# Twisted Whiskerz Sandusky Bay Tournament



## VanDammit (Sep 3, 2008)

Tournament Announcement-Twisted Whiskerz Sandusky Bay Tournament!!! Saturday July 21, 2012 8PM-8AM Sign up at 7pm at Shelby Street Ramp Flathead Pot has Carried over!!! For further details if needed feel free to message us here or visit our FB page or www.twistedwhiskerz.com

Flathead Pot Carried over 2 previous events!!!!

$40.00 Entry Fee


----------



## negs (May 25, 2010)

you ever going to post the atwood results


----------



## VanDammit (Sep 3, 2008)

negs said:


> you ever going to post the atwood results


1-Skip Martin & Chrissy Jones 34.74
2-Denny & Derrick Ross 30.12
3-Chad Keyser & Jim Shaw 28.78
Big Fish 8.70


----------



## fishingdude (Nov 24, 2010)

Who's the director? I was under the assumption that Nate was TW's director. Unless this is Nate. Wasn't able to find a contact number through the site. (surprising)

Does the lake APPEAR to be fishable? How was the report from your SCOUTS? And are the areas WHERE YOU usually fish have enough water so you can compete?
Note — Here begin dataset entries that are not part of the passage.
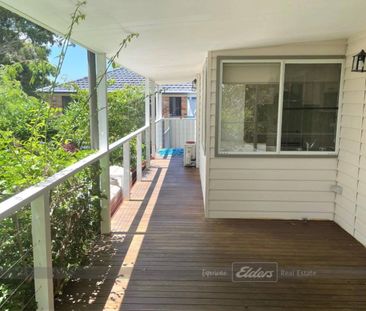 THREE BEDROOM HOME IN TRANQUIL GREEN POINT - Photo 6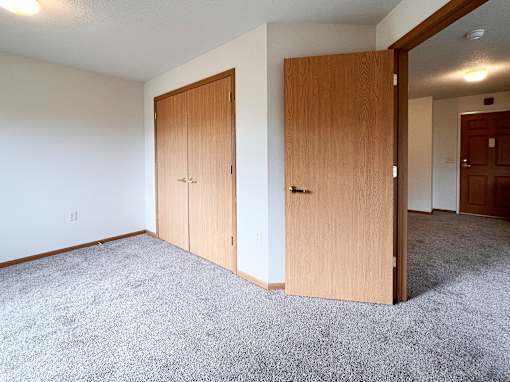 A room with two wooden doors and carpeted floor.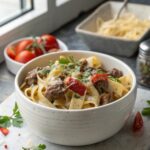 SEO-friendly alt text describing the featured image, showing a serving of creamy beef pasta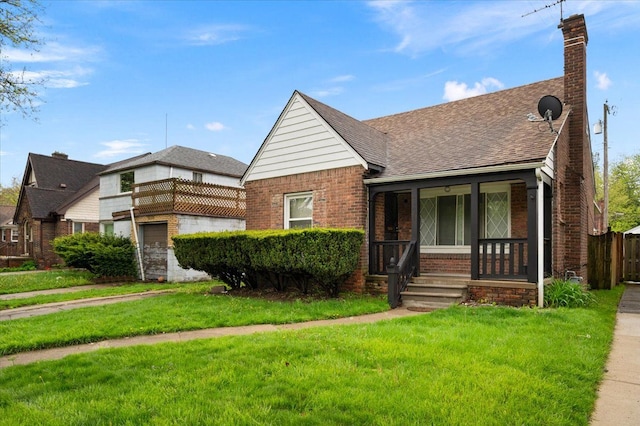 view of front facade with brick siding, a front lawn, covered porch, a chimney, and roof with shingles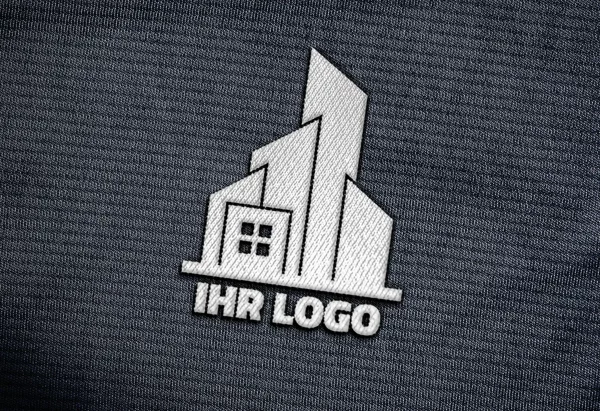 Weiße Logo-Stickerei auf grauem Textil, Nahaufnahme mit sichtbarer Fadenstruktur.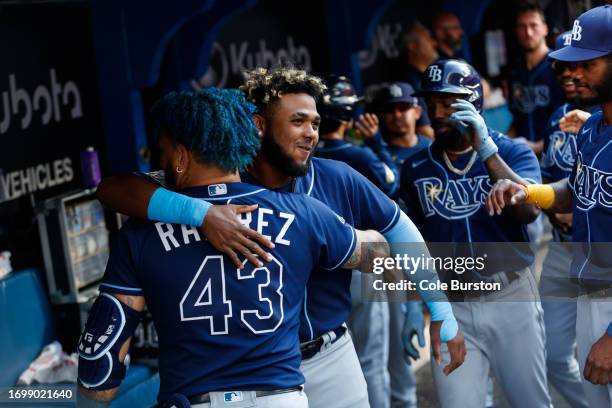 Junior Caminero hugs Harold Ramirez of the Tampa Bay Rays to celebrate Ramirez's two-run home run in the fifth inning of their MLB game against the...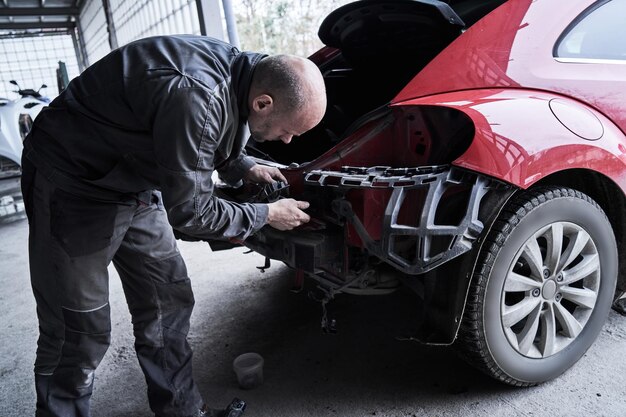 Reparación de trabajador de servicio de coche restaura coche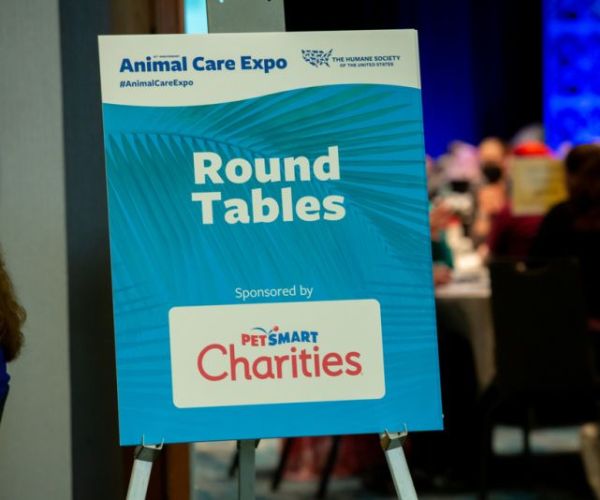 a sign for the round tables event displaying a sponsor logo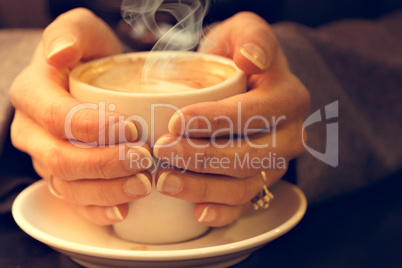 Woman holding coffee latte.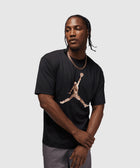 Man wearing black graphic streetwear t-shirt with large camo logo, gray pants, chain necklace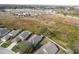 Aerial view of homes near a main road at 731 Lake Clark Ct, Lakeland, FL 33813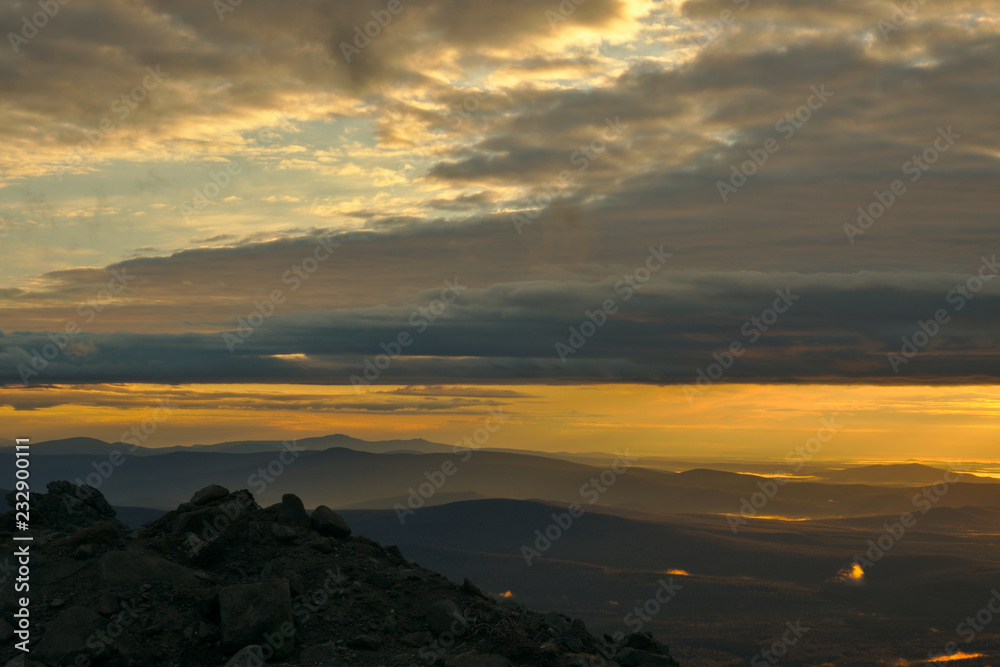 Mountains during sunrise and glowing fog in the valleys. Beautiful natural panoramic landscape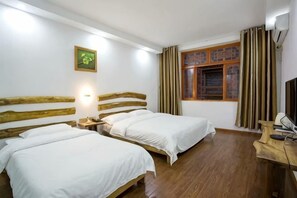 A room with two beds, wooden headboards, a desk, a chair, a window with curtains, and a wall-mounted light.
BTW. My grandmother just finished a super cape for the OGF balding super midget. God Bless her kind thoughtful heart.


----------



## negs (May 25, 2010)

VanDammit said:


> 1-Skip Martin & Chrissy Jones 34.74
> 2-Denny & Derrick Ross 30.12
> 3-Chad Keyser & Jim Shaw 28.78
> Big Fish 8.70


thanks bud:F


----------